What happened? All the efficiency gains were consumed, by size and horsepower (not to mention increased driving). In 1976, the Honda Accord, which captured the wallets, if not the hearts, of Americans reeling in the wake of high fuel prices, weighed 2,000 pounds and got a reported 46 miles per gallon in highway driving. “Ten million Accords later, the car had ballooned,” write Sperling and Gordon. “The 2008 model is 78 percent heavier, equipped with an engine nearly four times as powerful and loaded with power options.” It also gets 17 miles per gallon less on the highway than its predecessor. This example is not atypical: “Today’s granny car would have qualified as a performance car 25 years ago.” Neither increased weight nor greater horsepower provides any real societal good. Heavy vehicles are safer for their occupants (with certain exceptions, such as the SUV), but increase the risks to everyone driving a lighter vehicle. Increased speed increases crash risk and crash damage. What these traits appeal to is individual consumerist desire.
Mixed Signals may as well be the title of the book, for that is what U.S. consumers have been receiving from Detroit and federal policymakers over the last several decades. Rather than lock in and build upon the fuel efficiency gains made in the 1970s, automakers seized upon the emissions loophole for “light trucks” (a questionable label for vehicles that weigh several thousand pounds) and began building minivans, SUVs, and pickups—vehicles that Japan and Europe initially (and for good reason) had little interest in producing. And thus these vehicles, which occupied, as the authors note, a marginal 15 percent share of the market in 1971, made up more than half of sales in 2004.

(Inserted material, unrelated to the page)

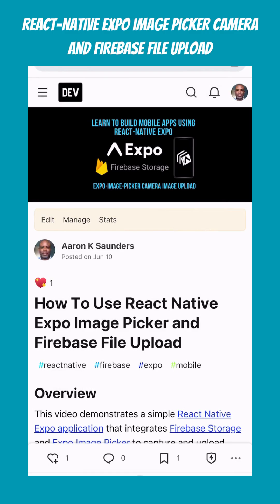This is a new blog post that I have on the video I dropped last week about working with React Native, Expo, and Firebase Storage — an image picker to take pictures from your camera on your phone and upload them to Firebase. I know people learn differently, so I have my videos for people who like videos, and this is a blog post for people who like blog posts.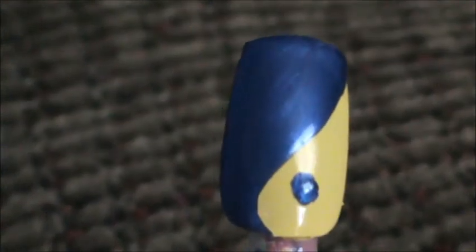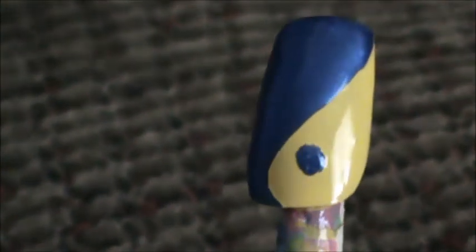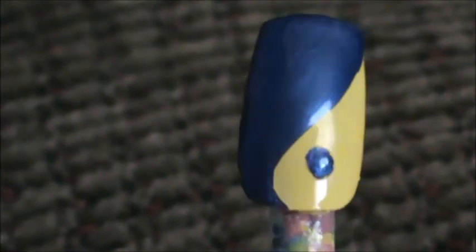As you can see, you can't see the yellow through the blue anymore. Now we're going to let the blue dry and then we're going to do a yellow dot up top.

The recent film Gran Torino can be read as a parable of Detroit: Walt Kowalski, the retired autoworker played by Clint Eastwood, is hostile to the changes occurring all around him, clinging to the past glory of his eponymous muscle car (and his pickup truck), yelling “get off my lawn” at interlopers. (As Sperling and Gordon note, Detroit still benefits from a 25 percent tax on imported pickup trucks.) Kowalski also embodies the typical Detroit customer these days: older, and living in a place where income and population are growing least.
While carving out a profitable, if precarious, niche in inefficient vehicles, American manufacturers were ceding ground in technological innovation to Japan. As the authors recount, in 2003 General Motors, “in the midst of its expansive hydrogen and fuel cell R&D program,” was granted fewer than 50 patents, while Honda secured more than 300. Meanwhile, GM head Robert Lutz was denouncing the science of global warming. The historian Lewis H. Siegelbaum, in Cars for Comrades (2008), his study of the Soviet automobile, noted that Detroit—with its bloated bureaucracy, expensive “pretend to work” job-bank schemes for downsized workers, and debilitating health insurance costs—resembles nothing so much as the Soviet car industry before its collapse. And that was before Detroit manufacturers asked the U.S. government for billions in bailout money.
But the problems extend far beyond Detroit. U.S. car companies, amid recent difficulties, were chastised in some quarters for not building the fuel-efficient cars that people wanted. In fact, apart from loyal drivers of the EV-1 (the first mainstream production electric vehicle) and its ilk, consumers were voting with their dollars for larger, less fuel-efficient vehicles. And why shouldn’t they? Gas was cheap, the federal gas tax hadn’t been raised—not even to adjust for inflation—since 1993, and the government even gave tax credits for the purchase of “light trucks,” heavier vehicles once used for “work” but now becoming personal cars. Perversely, tax breaks on hybrid vehicles were curtailed as their sales increased.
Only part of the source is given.